Look for the string "Bild" in the listing below, then copy every line that has it.

----------------------------------------

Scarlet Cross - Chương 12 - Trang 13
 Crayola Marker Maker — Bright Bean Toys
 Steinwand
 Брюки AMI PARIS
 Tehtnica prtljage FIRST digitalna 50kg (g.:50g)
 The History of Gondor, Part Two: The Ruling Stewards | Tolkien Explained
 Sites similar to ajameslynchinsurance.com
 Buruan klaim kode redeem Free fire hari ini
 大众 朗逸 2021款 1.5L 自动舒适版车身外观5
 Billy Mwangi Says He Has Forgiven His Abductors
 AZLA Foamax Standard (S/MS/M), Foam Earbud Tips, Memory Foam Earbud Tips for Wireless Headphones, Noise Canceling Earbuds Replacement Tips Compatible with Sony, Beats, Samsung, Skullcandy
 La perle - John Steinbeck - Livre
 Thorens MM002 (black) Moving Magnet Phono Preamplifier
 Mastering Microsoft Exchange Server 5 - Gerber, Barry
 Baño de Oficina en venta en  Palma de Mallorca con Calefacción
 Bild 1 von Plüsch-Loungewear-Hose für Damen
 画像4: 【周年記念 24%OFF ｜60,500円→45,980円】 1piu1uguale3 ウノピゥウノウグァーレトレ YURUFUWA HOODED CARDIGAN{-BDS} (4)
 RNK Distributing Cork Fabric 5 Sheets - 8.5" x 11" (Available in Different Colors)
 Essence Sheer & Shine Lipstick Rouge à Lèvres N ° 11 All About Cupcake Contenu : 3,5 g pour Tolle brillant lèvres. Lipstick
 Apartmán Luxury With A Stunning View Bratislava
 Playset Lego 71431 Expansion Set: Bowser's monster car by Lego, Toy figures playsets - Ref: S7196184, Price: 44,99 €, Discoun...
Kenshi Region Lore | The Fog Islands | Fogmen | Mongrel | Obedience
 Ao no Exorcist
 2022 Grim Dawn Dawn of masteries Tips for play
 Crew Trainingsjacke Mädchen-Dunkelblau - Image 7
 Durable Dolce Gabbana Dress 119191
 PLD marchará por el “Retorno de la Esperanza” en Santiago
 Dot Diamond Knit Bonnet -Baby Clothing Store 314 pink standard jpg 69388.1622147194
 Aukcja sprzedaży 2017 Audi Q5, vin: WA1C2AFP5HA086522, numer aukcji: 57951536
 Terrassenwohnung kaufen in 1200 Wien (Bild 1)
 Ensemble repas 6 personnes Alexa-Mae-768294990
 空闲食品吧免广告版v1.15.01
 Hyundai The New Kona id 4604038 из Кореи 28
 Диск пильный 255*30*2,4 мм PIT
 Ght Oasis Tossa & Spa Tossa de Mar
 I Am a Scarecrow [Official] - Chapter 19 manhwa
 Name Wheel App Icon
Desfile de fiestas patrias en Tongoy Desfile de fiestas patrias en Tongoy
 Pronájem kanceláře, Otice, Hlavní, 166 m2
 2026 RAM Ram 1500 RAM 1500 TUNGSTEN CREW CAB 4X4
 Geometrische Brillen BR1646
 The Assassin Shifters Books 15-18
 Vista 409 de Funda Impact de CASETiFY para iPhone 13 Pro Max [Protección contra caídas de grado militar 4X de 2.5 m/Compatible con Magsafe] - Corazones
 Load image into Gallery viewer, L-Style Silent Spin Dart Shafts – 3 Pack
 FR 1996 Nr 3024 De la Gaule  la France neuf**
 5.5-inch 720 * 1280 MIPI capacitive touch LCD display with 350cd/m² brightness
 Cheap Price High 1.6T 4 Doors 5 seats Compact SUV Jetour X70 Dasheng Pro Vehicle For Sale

----------------------------------------

_SOLUTION FOR THIS TASK_
 Bild 1 von Plüsch-Loungewear-Hose für Damen
 Terrassenwohnung kaufen in 1200 Wien (Bild 1)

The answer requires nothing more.